Deciding on resolutions
Delegates took up nine of the 27 resolutions on the agenda, adopting seven of them and voting down one.
Under Civil Service Issues, delegates adopted resolutions pertaining to the following:
- PEF will work with other organizations to raise awareness of the importance of wage restructuring for public employees and will use its political and legislative influence to advocate for expedited hiring at the Department of Civil Service.
- PEF will address the concerns of workers who serve in 24/7 agencies and often do not have the same rights to use personal time, Employee Organizational Leave time, breaks, weekends off, and accrued time off. This work will be accomplished by, but not limited to, contract bargaining and political action.
- PEF will work to develop legislation to provide appropriate compensation for any employee impacted by the adoption of any future Executive Order or other action that requires them to render services during a public health or other emergency with a direct threat to their health and safety.

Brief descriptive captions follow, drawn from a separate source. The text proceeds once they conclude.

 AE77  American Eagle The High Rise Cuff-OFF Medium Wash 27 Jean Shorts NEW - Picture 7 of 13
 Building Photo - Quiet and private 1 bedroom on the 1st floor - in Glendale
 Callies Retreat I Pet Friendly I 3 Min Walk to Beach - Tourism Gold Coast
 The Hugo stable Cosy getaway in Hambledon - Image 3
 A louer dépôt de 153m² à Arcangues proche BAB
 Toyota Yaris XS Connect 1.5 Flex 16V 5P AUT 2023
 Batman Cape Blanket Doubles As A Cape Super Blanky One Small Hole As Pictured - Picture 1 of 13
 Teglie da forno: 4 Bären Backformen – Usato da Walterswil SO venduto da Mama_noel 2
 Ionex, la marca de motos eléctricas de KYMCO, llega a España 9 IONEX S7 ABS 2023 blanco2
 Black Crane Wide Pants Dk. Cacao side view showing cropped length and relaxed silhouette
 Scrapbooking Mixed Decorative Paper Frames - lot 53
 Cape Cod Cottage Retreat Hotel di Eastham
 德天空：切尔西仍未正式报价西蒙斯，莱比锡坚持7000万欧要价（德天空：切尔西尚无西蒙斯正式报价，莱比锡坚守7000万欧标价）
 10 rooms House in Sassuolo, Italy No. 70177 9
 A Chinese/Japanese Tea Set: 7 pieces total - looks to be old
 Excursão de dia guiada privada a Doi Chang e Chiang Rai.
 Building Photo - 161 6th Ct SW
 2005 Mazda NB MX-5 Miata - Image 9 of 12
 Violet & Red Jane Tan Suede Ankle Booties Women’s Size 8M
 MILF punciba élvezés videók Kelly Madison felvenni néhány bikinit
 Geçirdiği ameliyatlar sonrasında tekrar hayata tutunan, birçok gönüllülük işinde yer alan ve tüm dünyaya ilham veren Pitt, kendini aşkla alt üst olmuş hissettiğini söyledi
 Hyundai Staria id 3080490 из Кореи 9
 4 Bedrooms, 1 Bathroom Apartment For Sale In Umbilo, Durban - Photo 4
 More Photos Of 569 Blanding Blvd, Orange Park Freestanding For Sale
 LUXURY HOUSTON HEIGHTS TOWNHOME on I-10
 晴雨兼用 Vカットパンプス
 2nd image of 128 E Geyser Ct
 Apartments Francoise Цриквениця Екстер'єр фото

Concerning Workplace Issues, the delegates adopted the following:
- PEF will promote work with appropriate departments and state and legislative agendas to protect members and ensure that their rights are protected as artificial intelligence impacts jobs, services, and products across many industries.
- PEF will discuss with the state Department of Labor how to notify PEF members of any process for reconsidering previous unemployment insurance benefit denials and for filing late claims to members who lost their jobs, even temporarily, due to the state not accommodating inability to take the COVID vaccine because of medical concerns or religious beliefs.
- PEF will support and advocate for the recognition of mental health as legimate and serious work-related injuries and illnesses; include mental health services under Worker’s Compensation law; promote education and awareness about mental health; and remove barriers to accessing services.
Regarding Organizing and Divisions, the following resolutions were considered:
- ADOPTED: PEF commits to proactively create flyers with QR codes for Divisions where members are directed to fill out online forms or surveys; register for an event; participate in campaigns, etc.
- ADOPTED: PEF acknowledges the benefit of PEF Retiree time, effort, and experience to the active organization and members and will encourage and welcome their continued participation.
- FAILED: PEF should provide in-person Council Leader training quarterly and provide general information to all Council Leaders. Staff indicated the inefficiency of the proposed schedule, the training already available and being done, and significant costs associaed with additional training.